NAXOS 8.570572 [54:15]

Ernő Dohnányi enjoyed quite a success with his First Piano Quintet. Written in 1895 when Dohnányi was still in his teens, it was praised highly by Brahms - perhaps because it is frankly Brahmsian in scale and to some degree in style — Dohnányi was one of music’s great conservatives. Bartok was four years behind him at the same school, but you would never guess that. Anyone who enjoys Brahms’ chamber music will certainly be delighted by these works, and here we have a very good account of them – in fact it is mystery of the Naxos release schedules as to why it was not released sooner, having been recorded in 2007.

The Piano Quintet No. 1 in C minor is Dohnányi’s first publication, but there is nothing immature about this particular Opus 1. I wish I had known it when once involved in a dinner party challenge to establish ‘music’s best Opus 1’ – that would have silenced the show-offs proposing Berg’s Piano Sonata and Webern’s Passacaglia. The four movements of the Quintet No. 1 are well-proportioned and contrasted, and there is attractive melodic invention in each. The first subject of the opening Allegro is striking enough to command attention, and the development generates a fair degree of propulsion. The piano writing sounds a real challenge at times (Dohnányi was a virtuoso) but Gottlieb Wallisch rises to it impressively. The slow movement is the romantic heart of the work, with a warm main theme and at times great ardour. The string players respond with touching expression here, and with rhythmic flair in the high-stepping finale.

The composer next tackled the form in 1914, and the three-movement Piano Quintet in E flat minor Op. 26 is a very worthy successor. In the excellent booklet note Richard Whitehouse rightly points to its harmonic ambiguity as evidence of the composer’s awareness of contemporary developments in music. However it is far from a challenging listen, and of such quality that one wonders why it is not heard more often. The Ensō String Quartet and Wallisch are as convincing in this as they are in the C minor work, and the recording allows us to hear plenty of the enchanting compositional detail.

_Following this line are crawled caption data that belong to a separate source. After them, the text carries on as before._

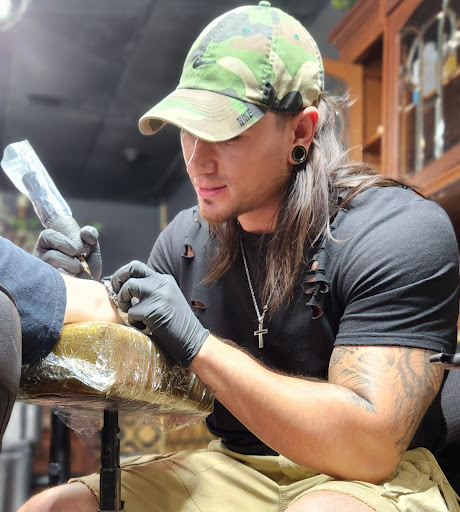 Explore tribal wrist tattoo ideas, creative tattoo ideas in Fort Worth, available at Darkside of Texas Tattoo & Piercing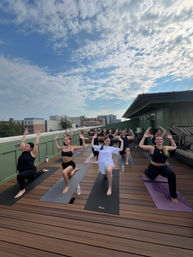 Rooftop yoga class on a wooden deck with a group in low-lunge pose, arms raised, water bottles and city skyline under a partly-cloudy sky.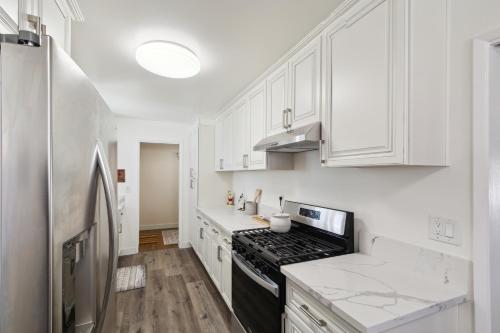 a kitchen with white cabinets and a black stove at Modern Relaxing Retreat with Private Pool home in Azusa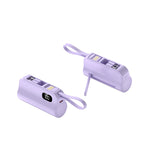 Two purple mini capsule power banks with digital displays and lanyard loops, one standing and one lying down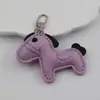 Marca de moda Año del Caballo accesorios de alta gama, regalos con colgante de poni, llaveros de coche de poni, colgantes, accesorios para bolsos y ropa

The acoustic of the Glenn Gould Studio in Toronto sounds just about right for chamber music of this scale. So this is all-round a very successful disc, and the playing is so persuasive that one wishes they had used the spare twenty minutes or so of unused time on the disc for some more of Dohnányi’s chamber music.

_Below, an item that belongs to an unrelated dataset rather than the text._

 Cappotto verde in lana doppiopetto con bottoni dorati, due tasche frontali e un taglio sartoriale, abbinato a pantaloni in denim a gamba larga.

Gottlieb Wallisch and the Ensō String Quartet do not have the field to themselves in these works however. On ASV the Vanbrugh Quartet is joined by Martin Roscoe in equally good performances, a little more urgent than these Naxos versions in every movement. They also add a fifteen-minute Dohnányi piece for solo piano, his Suite in the Old Style from 1913, which is worth obtaining if you do not have Roscoe’s version already on his recent complete Dohnányi piano music survey for Hyperion. That 1995 disc might be hard to find now, but there is also a 2008 Praga SACD in the Kocian Quartet’s series of the composer’s chamber music. The latter adds the substantial cello sonata to the quintets to give an eighty minute playing time. That said, for a bargain disc devoted just to these two splendid Piano Quintets, this Naxos issue is very welcome indeed.